Lets say I have mix of words and numbers,which represent for example prices or sizes of objects. The relation/magnitude between the numbers is very important. With normal tokenization it would split those large/less common numbers into smaller pieces (few digits) and concatenate them. Is this not very inefficient and suboptimal, since the transformer has to learn how digits/numbers work and would assign every digit/combination its own learned vector. Would it make sense to manually convert these numbers and pass in its own vector?
DATA (Laying carpet 150sqft | price 400$)-> LABEL (okay)
DATA (Carpet type 133 installation with an area of 70m2 | price 8000$)-> LABEL ( Not okay)
If your task is closely related to those numbers, and all examples follow the same pattern, perhaps you should just use the price and surface as raw features in your model, along with the text. You could concatenate the price and surface values to the Transformer embedding for the text at the last hidden-layer before classification.
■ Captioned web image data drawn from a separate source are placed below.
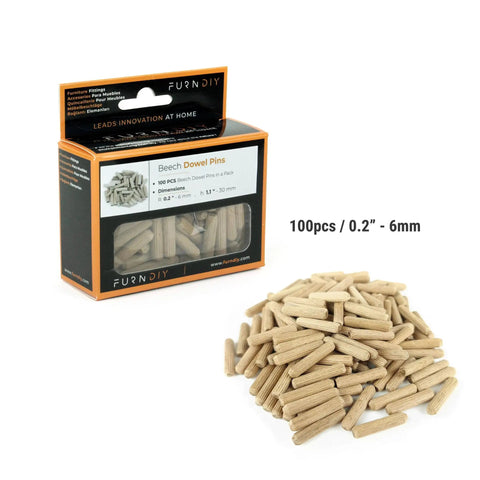 Heavy Duty Fluted Wooden Dowel Pins 100 Piece Set With Smooth Beveled Tips, beech wood, 15/64 inch diameter, ideal for woodworking repairs.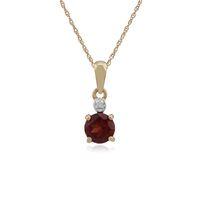 9ct Yellow Gold 0.50ct Garnet & Diamond Round Pendant on 45cm Chain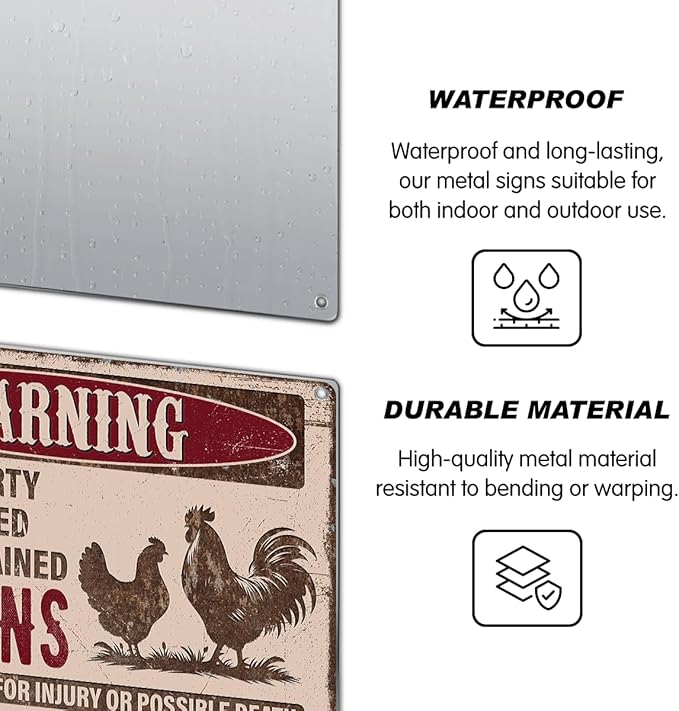 Warning This Property Is Protected By Highly Trained Chickens Vintage Metal Sign For Farm Chicken Coop Rural Home Or Garden 12 x 8 Inch Kitchen Wall Art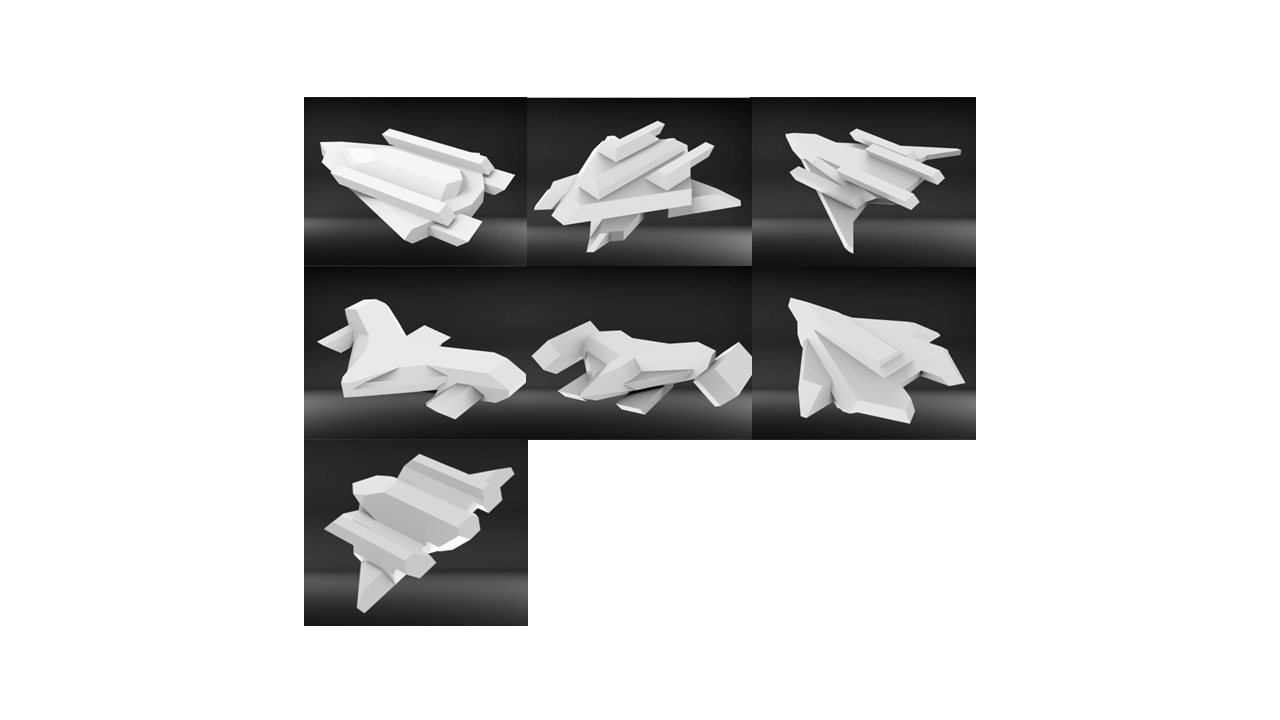 Jet Fighter 7 Model Different Design, 3D Print and Papercraft Design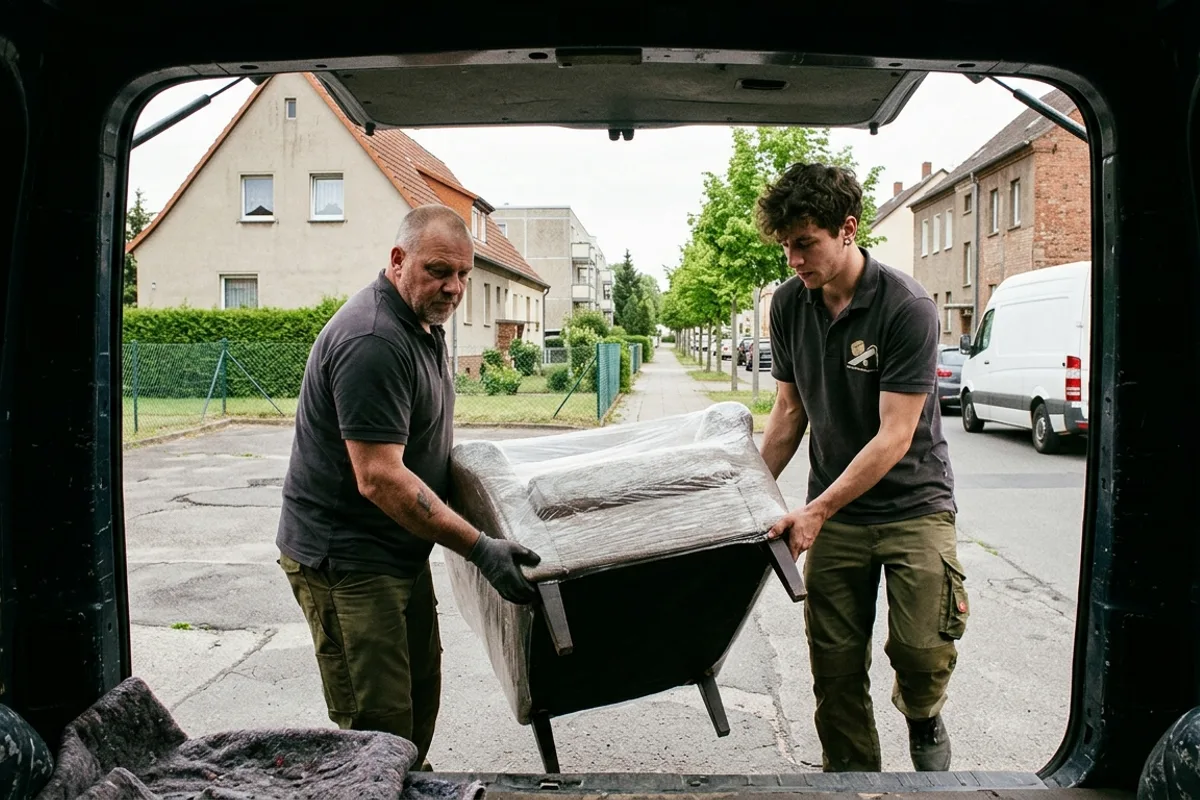 Zwei Träger heben einen in Folie gewickelten Sessel über die Ladekante des Transporters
I am not sure if that is what you meant by
Maybe also normalize the surface values to one standard.
I don’t know if there are better ways to deal with values at tokenizing, but this would be my suggestion.
I agree with PereLluis13.
Were you thinking of using a pre-trained transformer, or training from scratch?
Are you sure you need a transformer at all? What are you hoping it will do with the text? Have you tried regular expressions and a rule-based system?